Inaction. Laziness. Fear.
Why am I stuck where I am weight/health-wise right now? A combination of all of these things. And it’s all on me – I own this. I try to get motivated, I do great for a few days, then bam, I sabotage myself over and over again. This week I gained .4 lbs, so I’m right back to where I was one year ago now, 168lbs. I’m angry at myself, disappointed in myself, and embarrassed.
Why do I do this? Honestly, I think part of it is that it’s just easier to roll with it all. To not make sweeping changes in my life. To eat when I’m stressed or overwhelmed or sad. This is so very true. This is true for most people I know. Inaction becomes a way of life. as the Dr. Ben Michaelis book I just read discussed, we have adopted “running in place” as a lifestyle. We are stuck because we know nothing else. We are not happy where we are, but we’ve been there for so long that it’s more comfortable to stay there than to try to change things. Or we don’t know where to start.
I saw a quote circulating around Facebook the other day, originally from Bonnie Pfiester’s blog, that really hit home:
It’s incredibly overwhelming to begin true life changes. And trying to make many changes at once is what has been setting me back week after week. Because if I cannot stick to one of the changes, I let things unravel completely. THAT is what has to stop. I don’t want to be the same old me anymore. I know there is a better me underneath it all and I want her to emerge and conquer those fears and that inaction.

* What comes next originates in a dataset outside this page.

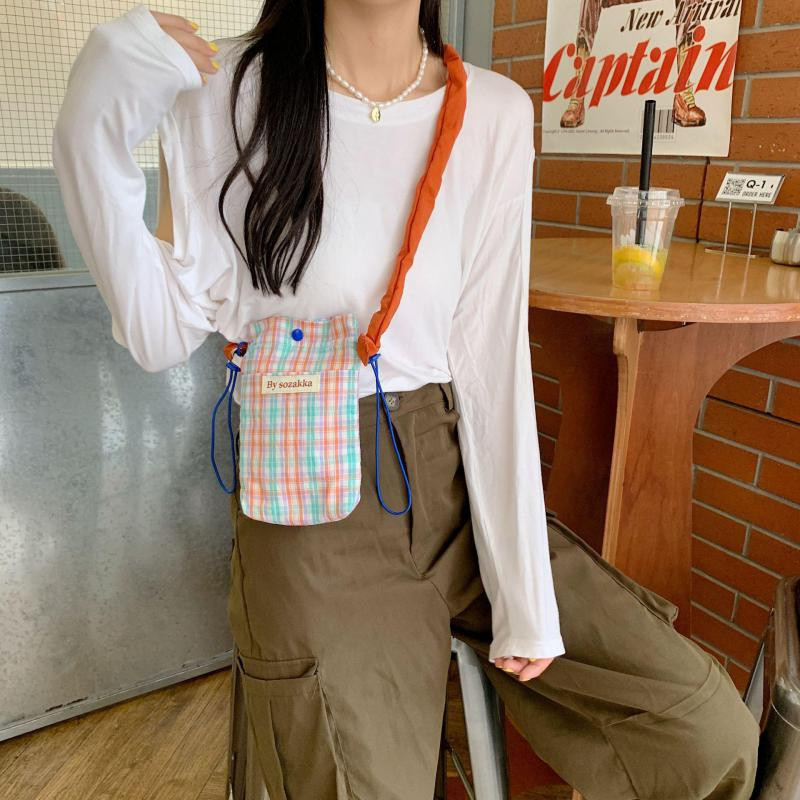 Korea väike ruudukujuline mobiiltelefonide kott naiste mini väike õlakott Armas ruuduline ristkere käekott daamile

I know that there are many of you out there who struggle in the same way. I am working on small changes, week by week, that I can make to start myself on the path toward real lifestyle changes. I’m not going to be getting up at the crack of dawn 6 days a week and suddenly eating nothing but kale. But I can make small changes each day. And I will share them with you. I hope that they inspire you the way that so many others have inspired me to stick with this journey instead of giving up after so many starts and stops.